Adjusting for Differences Between Clients
The topics in this section discuss differences between the various clients that are used when developing speech applications with the Microsoft Speech Application SDK (SASDK). There are four clients targeted by the SASDK:
- To deploy desktop multimodal applications, use the Speech Add-in for Microsoft Internet Explorer.
- To deploy mobile multimodal applications, use the Speech Add-in for Microsoft Pocket Internet Explorer.
- To debug telephony applications in the SASDK, use Telephony Application Simulator.
- To deploy telephony applications on Speech Engine Services, use Telephony Application Services.
There are differences between Pocket Internet Explorer and Internet Explorer 6.0. If applications will be ported between these environments, the developer should take these differences into account when creating the application, thereby avoiding the need to rewrite code.
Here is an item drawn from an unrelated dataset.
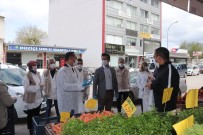 ALıŞVERIŞ - Kaymakam Almalı, Virüs Tedbirleriyle İlgili Esnafı Denetledi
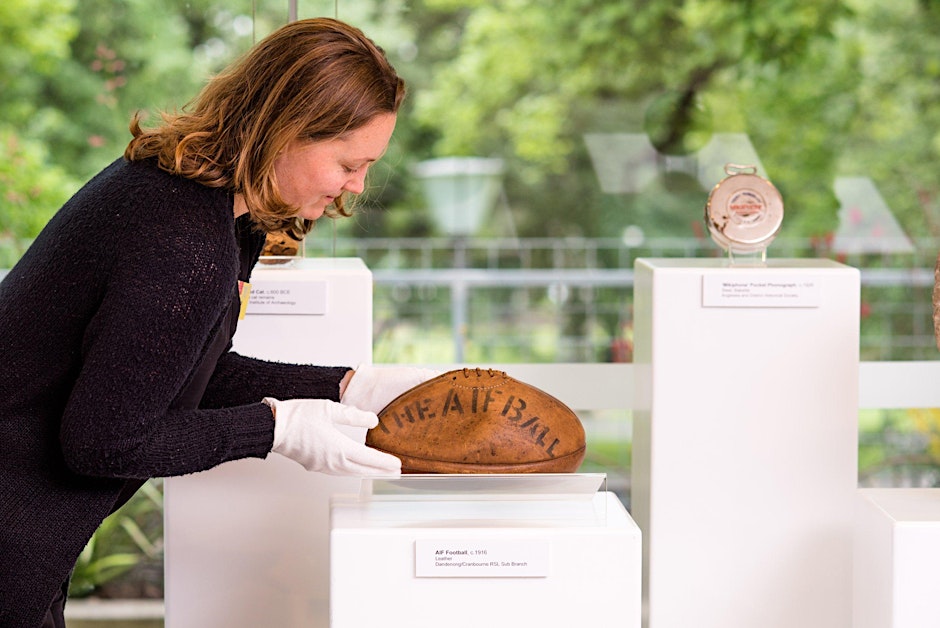 SEMINAR SERIES: Exhibitions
For more information, see the topics listed previously.
Debugging Applications
When a multimodal speech application is rendered or debugged in the SASDK, the client is the Speech Add-in for Microsoft Internet Explorer. Telephony applications use Telephony Application Simulator (the telephony simulator) to render and debug in the SASDK.
When both of the following conditions are true:
- The source URI for a prompt database is set by the promptdatabase property using a relative URL
- The speech application is using a local speech engine (possible with both Internet Explorer and Telephony Application Simulator client browsers)
then the server-side Speech Controls convert the relative URL to a Universal Naming Convention (UNC) path during the process of generating Speech Application Language Tags (SALT) markup to send to the client application. If Speech Debugging Console is active and either an absolute URL path or an invalid UNC path is used, Speech Debugging Console prompts the user for a valid UNC path.
Speech Debugging Console stores a list of mappings between absolute URL paths and UNC paths as the user enters them. If Speech Debugging Console is not active and an absolute URL path is used, the user is not prompted for a UNC path mapping, and the prompt engine plays prompts using text-to-speech (TTS) synthesis.
The UNC paths to prompt databases appear in both the SALT markup, and in the Prompt field of Speech Debugging Console.
Matching Clients to Components
The following table shows which components are supported on the various clients for speech applications.
Components | Telephony Application Services | Telephony Application Simulator | Speech Add-in for the SDK | Speech Add-in for Microsoft Internet Explorer | Speech Add-in for Microsoft Pocket Internet Explorer |
---|---|---|---|---|---|
dtmf object or the DTMF control | Yes | Yes | No | No | No |
smex object or the Call control | Yes | Yes | No | No | No |
listen object | Yes | Yes | Yes | Yes | Yes |
prompt object | Yes | Yes | Yes | Yes | Yes |
Basic Speech Controls | Yes, but not recommended* | Yes, but not recommended* | Yes | Yes | Yes |
Call Management Controls | Yes | Yes | No | No | No |
Dialog Speech Controls | Yes | Yes | Yes | Yes | Yes |
Application Speech Controls | Yes | Yes | Yes | Yes | No |
* Using Basic Speech Controls on Telephony Application Services and Telephony Application Simulator is possible, but not recommended. Rather than using Basic Speech Controls and then writing additional code to support dialogue, use Dialog Speech Controls, instead.